“One man steals on another man’s birthday,” Skerik improvised on two events he had heard about. “It’s one man’s birthday, another man had his bike stolen. What does it mean? I think they’re both motivated by the same thing: SEX.” And then he playfully sang about the two grand motivators, money and sex, as the rest of the group got a groove happening behind him. “There’s only one peaceful way to deal with this,” he said as he lowered the sax to his mouth and blew the horn.
Skerik technically plays tenor sax, but onstage he does so much more than just that. Every time he brings another electronic effect or a new technique into the mix, he does it in a way that makes it seem like a whole new instrument. He is not gratuitous with his use of effects, but rather knows exactly what belongs where. For instance, the very first mostly improvised “piece” of the evening got going with some repetitive licks but then saw more extended improvisation with long lines and the whole deal. The second piece started with a single crescendo from Skerik’s horn, pushing through a harmonizer that repeated over and over until the group essentially boiled over. Later, he waxed revolutionary as he vocalized through the horn like a megaphone.
“When the Capitol is empty, convene at Red Square,” Skerik declared after a positive uproar from the captivated audience—50 to 60 on a Monday night. “The revolution will begin at Red Square” he said, and you could believe it after what the group just played.
The quartet were able to blend the integrity of “jazz,” in a traditional instrumentation of upright bass, jazz kit and hollow-body guitar, with forays into Ornette Coleman, Miles Davis, and Thelonius Monk, with the downright badass force of punk, electric blues and Afrobeat, with minimalist Steve Reich-ian soundscapes.
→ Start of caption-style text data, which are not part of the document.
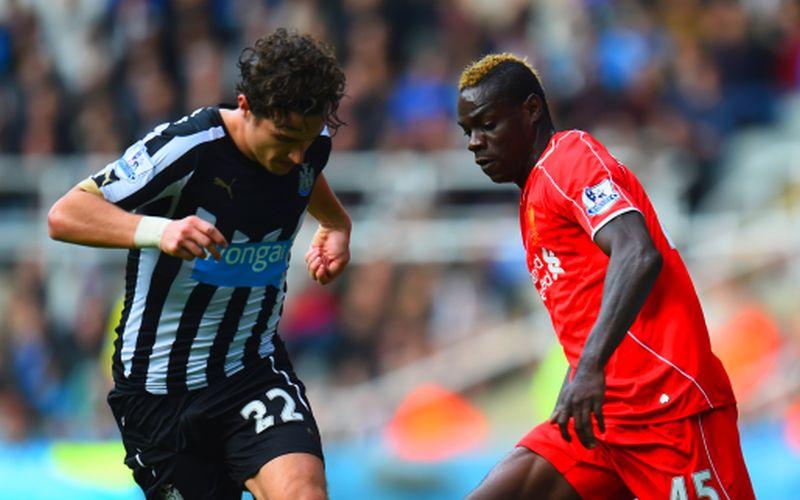 Newcastle: due italiane su Janmaat 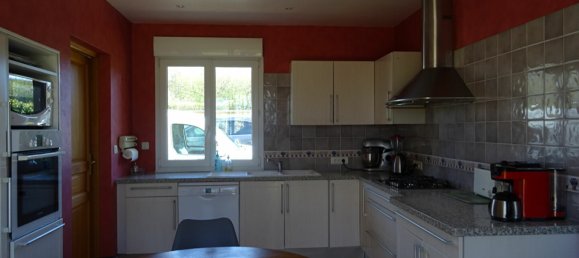 4 غرف نوم منزل في Saint-Maurice-Saint-Germain, France رقم 272640 5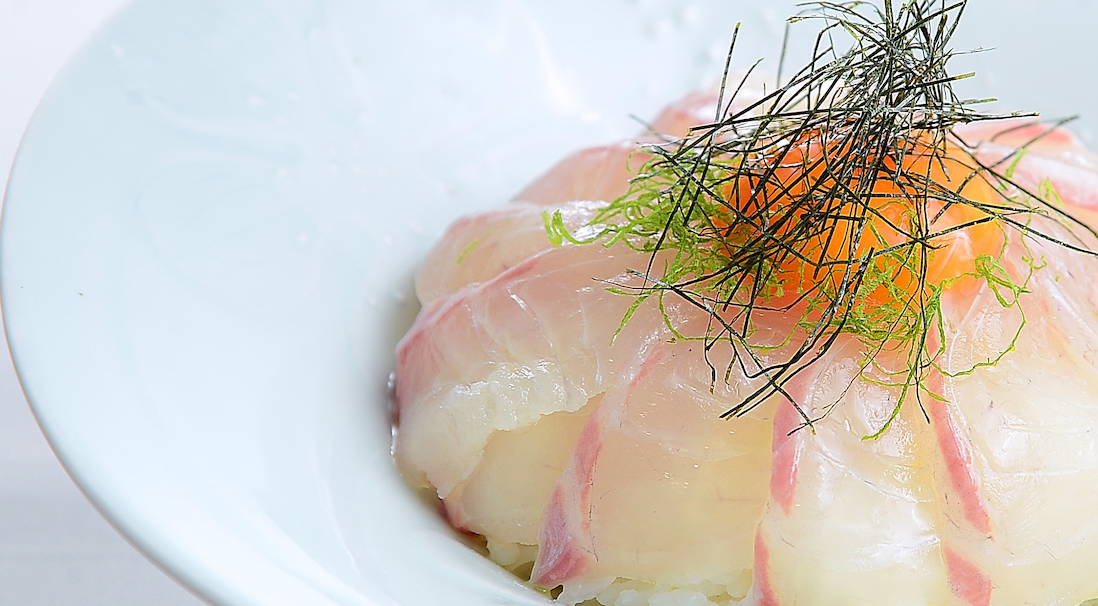 名物宇和島風鯛めしセット2106円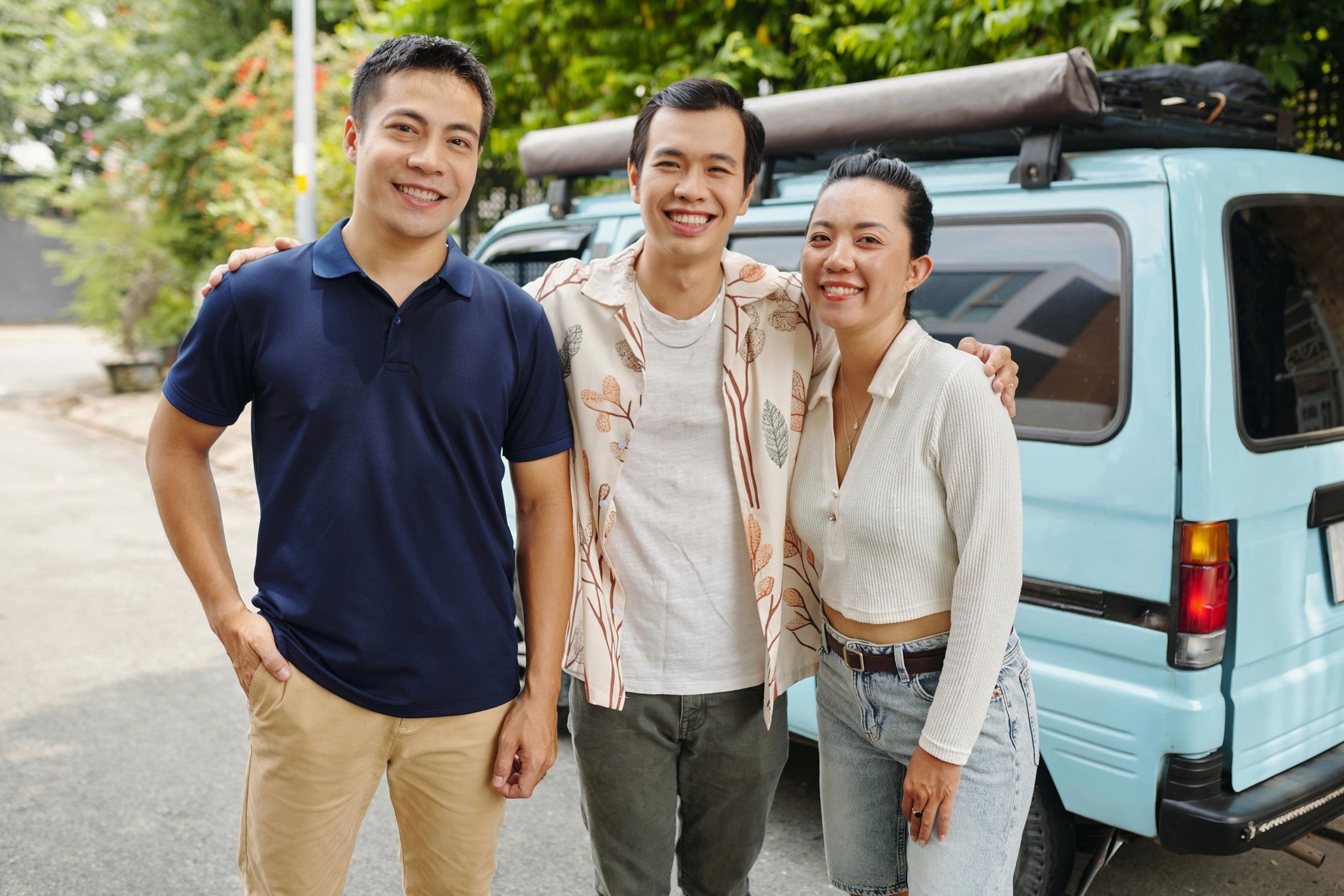 happy travel team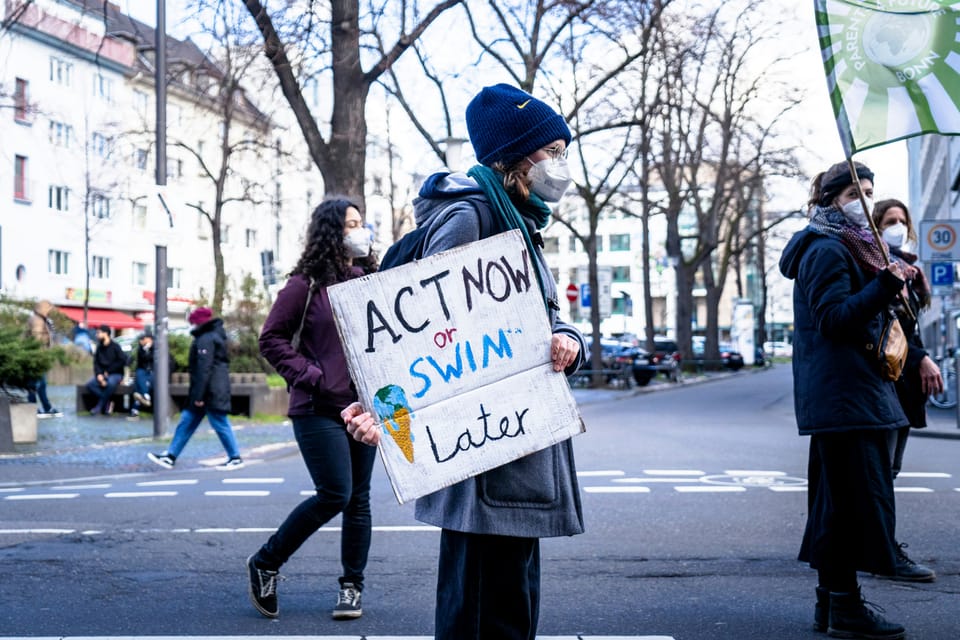 Climate advocacy of biggest insurers and pension funds under fire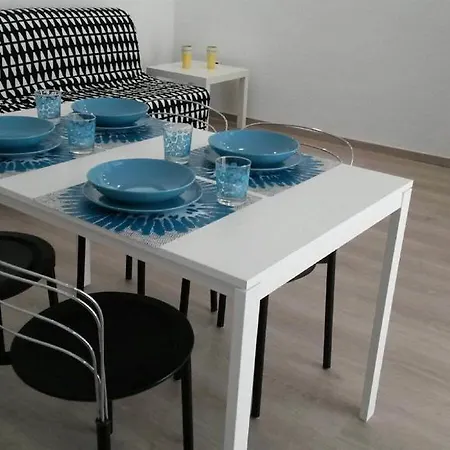 بيت للعطل Tom House مانفريدونيا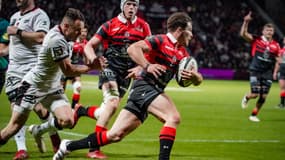 Antoine Dupont lors de Toulouse-Lyon en Top 14, 16 avril 2023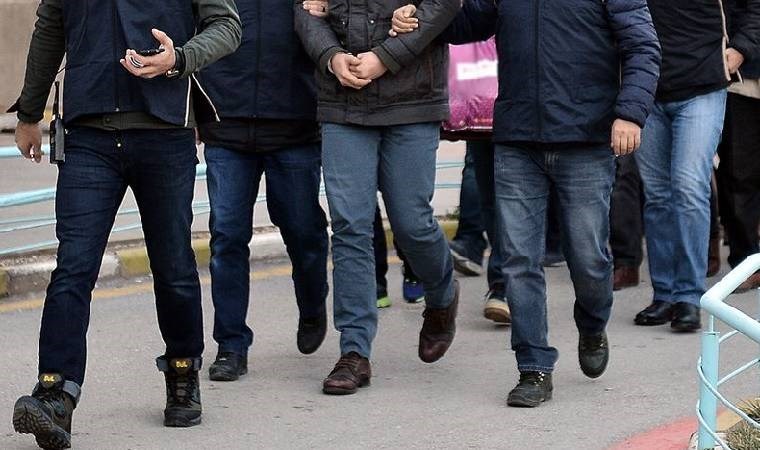 İzmir'de uyuşturucu operasyonu: 53 bin sentetik ecza ele geçirildi!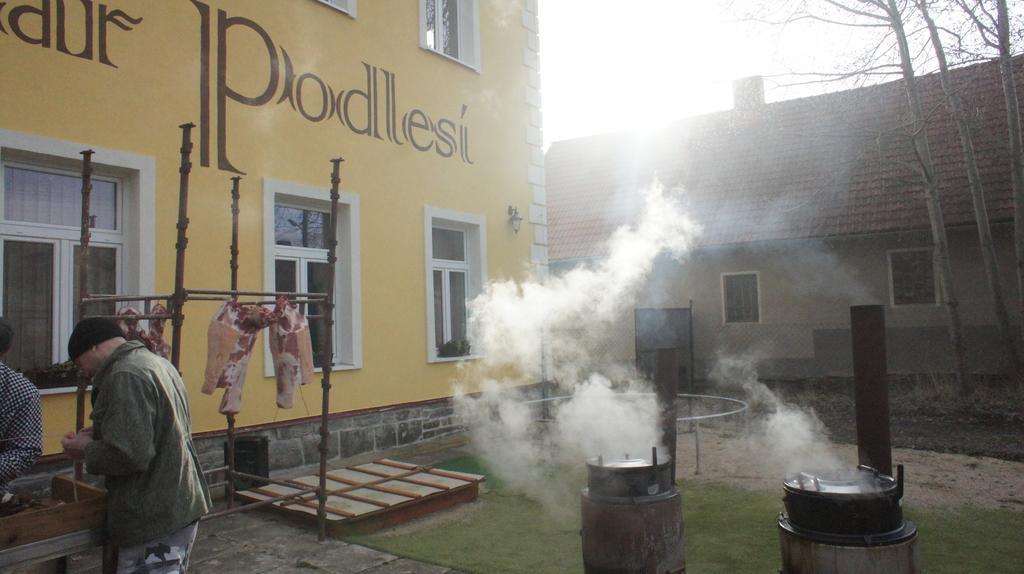 Penzion Pivovar Podlesi Pribram Luaran gambar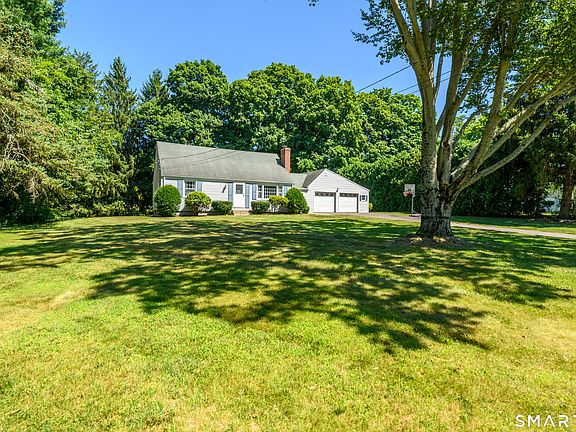 3rd image of 220 Stockade Road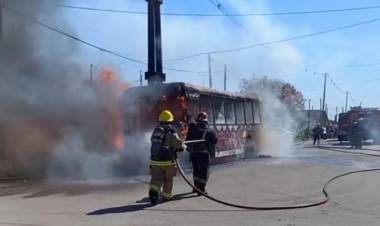 Un colectivo de la línea 504 ATEPAM se incendió en pleno recorrido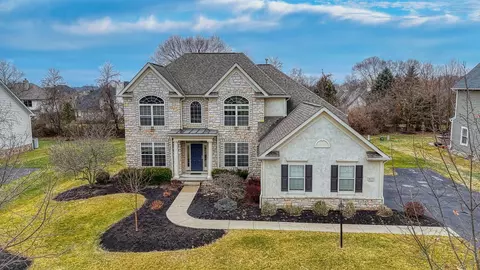 8223 Bibury Ln, Dublin, OH 43016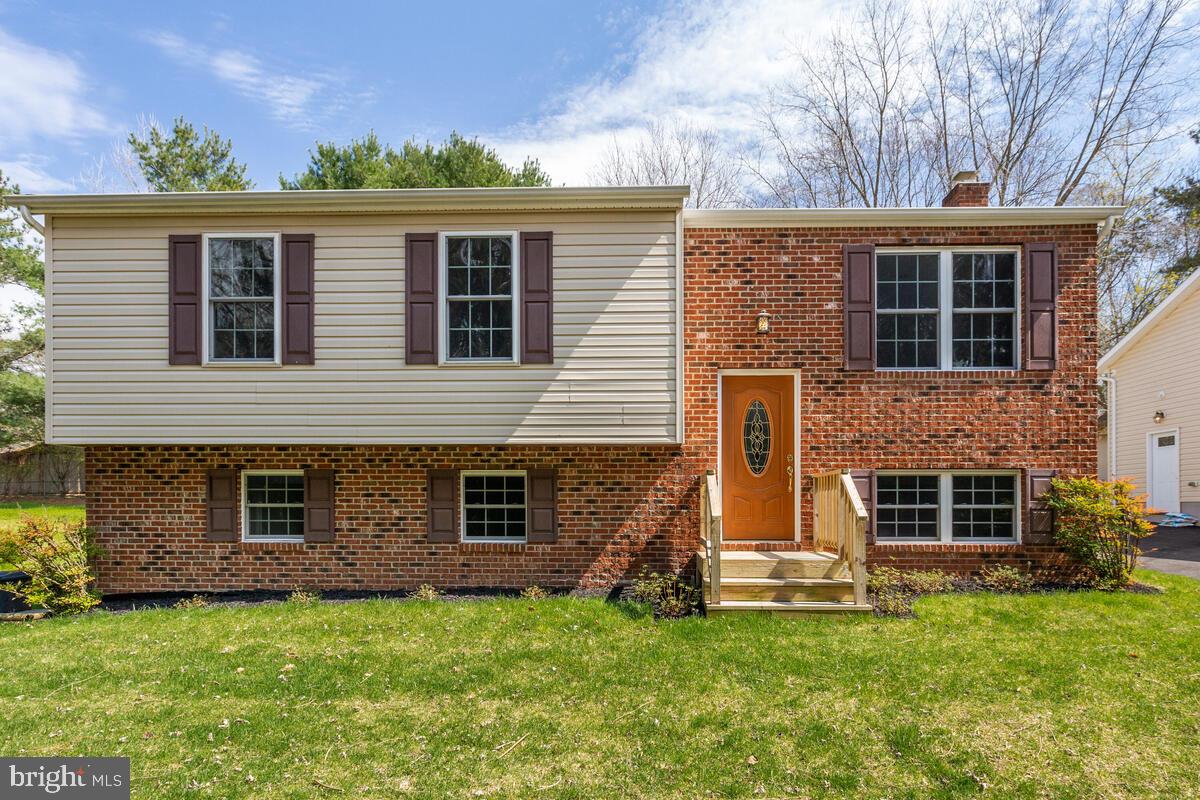 POPLAR WOODS - Residential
“I feel like we should take advantage of you . . .” Skerik said, “sonically, I mean,” before they went into some “jazz shit.” He blew the melody to Wayne Shorter’s “Nefertiti” over and over, as is tradition, but in a very nontraditional way, and ended the tune by playing the head to Monk’s “Ruby My Dear.” As soon as that one ended, they went into the most Afrobeat tune of the night with real rhythmic staccato guitar and deep, woody drum and bass.
The approach of Skerik’s group was essentially to create live improvisations that are as stable as written-out compositions. They had certain themes that they worked from, but Skerik often would searchingly improvise until the group coalesced on a groove.
The Bandalabra have their first album out, called Live at the Royal Room, which was recorded at their first public performance and in which you can hear some of the recognizable grooves and spaces that recur at their live shows. The real magic of this project is in the way they meld mind and body music into a futuristic bistro of sound.
“It’s last-song-of-the-night time” Skerik said, “And we’re going to let Andy start it.” Skerik sort of suggested they do some Led Zeppelin and guitarist Andy Coe, sure enough, went into a brilliant “No Quarter” that jammed its way into “Kashmir.” Before heading into the epic Zep jam, Skerik and Coe teased the infamous theme to Dragnet and brought it back to finish the night for real.
The Seattle-based group have been playing together as a unit for about a year, but their first tour stop was in Minneapolis on Sept. 3, making Albany their one-week anniversary.